For Elasticsearch 1.0 and later, you can leverage terms aggregation to do this,
query DSL:
{
"aggs": {
"NAME": {
"terms": {
"field": "",
"size": 10
}
}
}
}
A real example:
{
"aggs": {
"full_name": {
"terms": {
"field": "authors",
"size": 0
}
}
}
}
Then you can get all unique values of authors field.
size=0 means not limit the number of terms(this requires es to be 1.1.0 or later).
Response:
{
...
"aggregations" : {
"full_name" : {
"buckets" : [
{
"key" : "Ken",
"doc_count" : 10
},
{
"key" : "Jim Gray",
"doc_count" : 10
},
]
}
}
}
see Elasticsearch terms aggregations.
Intuition:
In SQL parlance:
Select distinct full_name from authors;
is equivalent to
Select full_name from authors group by full_name;
So, we can use the grouping/aggregate syntax in ElasticSearch to find distinct entries.
Assume the following is the structure stored in elastic search :
[{
"author": "Brian Kernighan"
},
{
"author": "Charles Dickens"
}]
What did not work: Plain aggregation
{
"aggs": {
"full_name": {
"terms": {
"field": "author"
}
}
}
}
I got the following error:
{
"error": {
"root_cause": [
{
"reason": "Fielddata is disabled on text fields by default...",
"type": "illegal_argument_exception"
}
]
}
}
What worked like a charm: Appending .keyword with the field
{
"aggs": {
"full_name": {
"terms": {
"field": "author.keyword"
}
}
}
}
And the sample output could be:
{
"aggregations": {
"full_name": {
"buckets": [
{
"doc_count": 372,
"key": "Charles Dickens"
},
{
"doc_count": 283,
"key": "Brian Kernighan"
}
],
"doc_count": 1000
}
}
}
Bonus tip:
Let us assume the field in question is nested as follows:
[{
"authors": [{
"details": [{
"name": "Brian Kernighan"
}]
}]
},
{
"authors": [{
"details": [{
"name": "Charles Dickens"
}]
}]
}
]
Now the correct query becomes:
{
"aggregations": {
"full_name": {
"aggregations": {
"author_details": {
"terms": {
"field": "authors.details.name"
}
}
},
"nested": {
"path": "authors.details"
}
}
},
"size": 0
}
Working for Elasticsearch 5.2.2
curl -XGET http://localhost:9200/articles/_search?pretty -d '
{
"aggs" : {
"whatever" : {
"terms" : { "field" : "yourfield", "size":10000 }
}
},
"size" : 0
}'
The "size":10000 means get (at most) 10000 unique values. Without this, if you have more than 10 unique values, only 10 values are returned.
The "size":0 means that in result, "hits" will contain no documents. By default, 10 documents are returned, which we don't need.
Reference: bucket terms aggregation
Also note, according to this page, facets have been replaced by aggregations in Elasticsearch 1.0, which are a superset of facets.
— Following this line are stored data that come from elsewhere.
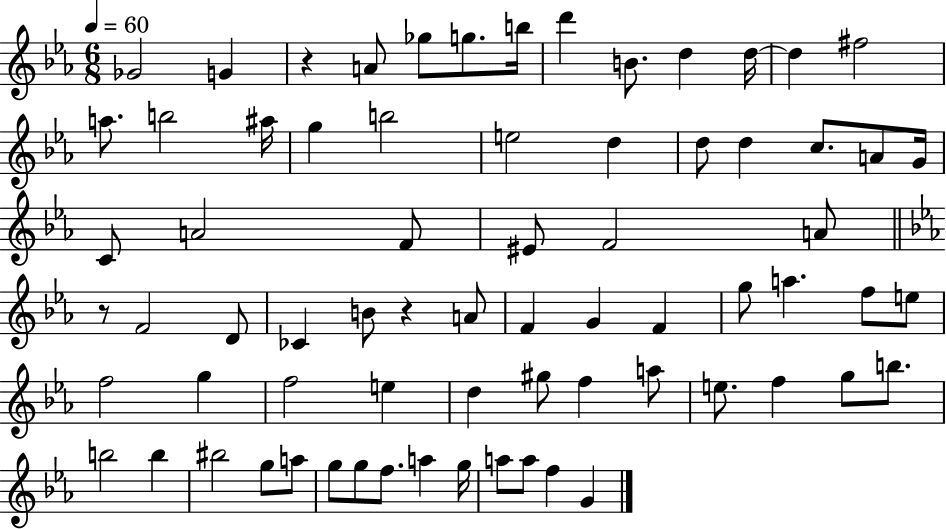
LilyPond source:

{
  \clef treble
  \numericTimeSignature
  \time 6/8
  \key ees \major
  \tempo 4 = 60
  ges'2 g'4 | r4 a'8 ges''8 g''8. b''16 | d'''4 b'8. d''4 d''16~~ | d''4 fis''2 | \break a''8. b''2 ais''16 | g''4 b''2 | e''2 d''4 | d''8 d''4 c''8. a'8 g'16 | \break c'8 a'2 f'8 | eis'8 f'2 a'8 | \bar "||" \break \key ees \major r8 f'2 d'8 | ces'4 b'8 r4 a'8 | f'4 g'4 f'4 | g''8 a''4. f''8 e''8 | \break f''2 g''4 | f''2 e''4 | d''4 gis''8 f''4 a''8 | e''8. f''4 g''8 b''8. | \break b''2 b''4 | bis''2 g''8 a''8 | g''8 g''8 f''8. a''4 g''16 | a''8 a''8 f''4 g'4 | \break \bar "|."
}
The existing answers did not work for me in Elasticsearch 5.X, for the following reasons:
I needed to tokenize my input while indexing.
"size": 0 failed to parse because "[size] must be greater than 0."
"Fielddata is disabled on text fields by default." This means by default you cannot search on the full_name field. However, an unanalyzed keyword field can be used for aggregations.
Solution 1: use the Scroll API. It works by keeping a search context and making multiple requests, each time returning subsequent batches of results. If you are using Python, the elasticsearch module has the scan() helper function to handle scrolling for you and return all results.
Solution 2: use the Search After API. It is similar to Scroll, but provides a live cursor instead of keeping a search context. Thus it is more efficient for real-time requests.